DIRECTIONS:
Produce as output only the lines below starting at the line with "Премиальная Консоль с" and continuing through the line with "CALVENDO Puzzle Alte", each one exactly as written.

INFORMATION SHOWN:

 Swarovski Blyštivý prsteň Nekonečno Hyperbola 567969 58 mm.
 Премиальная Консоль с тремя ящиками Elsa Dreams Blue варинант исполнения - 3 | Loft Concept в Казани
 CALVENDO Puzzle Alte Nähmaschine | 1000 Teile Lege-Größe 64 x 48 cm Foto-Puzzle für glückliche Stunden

==

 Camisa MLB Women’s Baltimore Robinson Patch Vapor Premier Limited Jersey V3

==

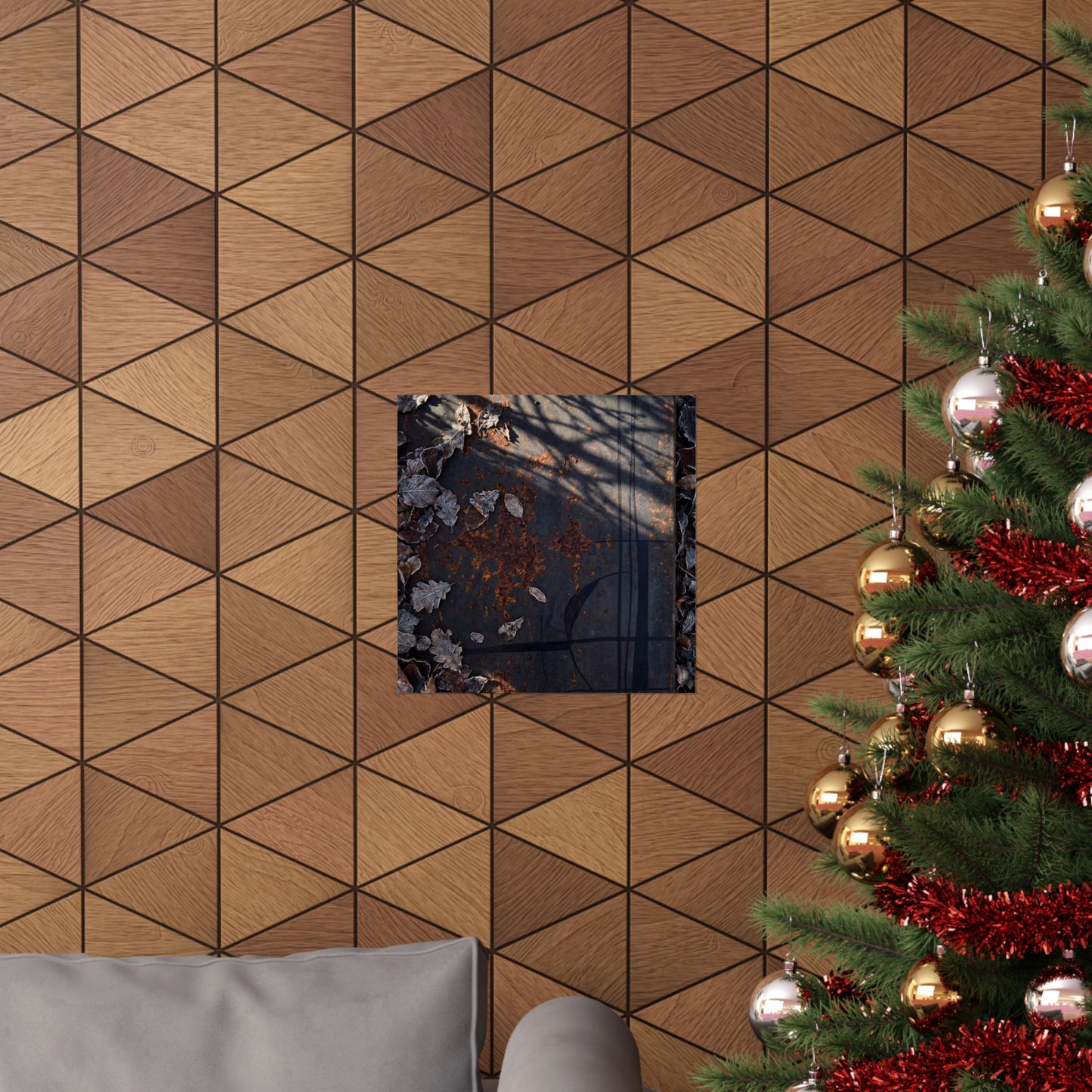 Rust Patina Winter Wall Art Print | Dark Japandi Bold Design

WRITTEN SOLUTION:
 Премиальная Консоль с тремя ящиками Elsa Dreams Blue варинант исполнения - 3 | Loft Concept в Казани
 CALVENDO Puzzle Alte Nähmaschine | 1000 Teile Lege-Größe 64 x 48 cm Foto-Puzzle für glückliche Stunden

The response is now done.